4. A statement showing the computation of net owned fund (as defined in Explanation (I) to section 45 IA of the Reserve Bank of India Act, 1934) after making necessary provisions in accordance with Non-Banking Financial Companies Prudential Norms (Reserve Bank) Directions, 1998 issued by the Reserve Bank of India and Accounting Standards and / or Guidance Notes issued by the Institute of Chartered Accountants of India as at the end of the financial year.

5. A statement showing the computation of capital adequacy ratio as at the end of the financial year in accordance with the Non-Banking Financial Companies Prudential Norms (Reserve Bank) Directions, 1998 issued by the Reserve Bank of India.

6. A statement showing –

    1. the amount required to be maintained by the company, as of the last day of the financial year, in unencumbered approved securities in pursuance of the provisions of section 45-IB of the Reserve Bank of India Act, 1934;
    2. value, as of the last day of the financial year, of securities maintained by the company in pursuance of the aforesaid section;
    3. name and address of the bank to whom the above-mentioned securities have been entrusted in pursuance of the Non-Banking Financial Companies Acceptance of Public Deposits (Reserve Bank) Directions, 1998.

7. Disclosures as per the requirements of Part IV of Schedule VI to the Companies Act, 1956, shall also be made to the extent applicable.

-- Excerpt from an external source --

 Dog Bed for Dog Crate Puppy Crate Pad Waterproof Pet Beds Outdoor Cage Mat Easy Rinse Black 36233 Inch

8. A statement showing funds-based assets (i.e. assets given on lease, investments and loans and advances) of an NBFC, segregating such assets into two categories, viz.:

  1. those assets in respect of which funds have been locked in an account of an individual or an individual enterprise in excess of 10% of the total funds locked in the funds based assets and
  2. others

should be given in the following format:

Category of Accounts

Number of Accounts

Amount (in Rupees)

Individual Accounts in Excess of 10% of Total Funds

   

Other Accounts

   

TOTAL

   


1
This information can be furnished in a separate Schedule if the items are numerous. In case of a non-banking financial company having non-financial business also, the details of its current assets are required to be disclosed as per the requirements of Schedule VI to the Companies Act, 1956.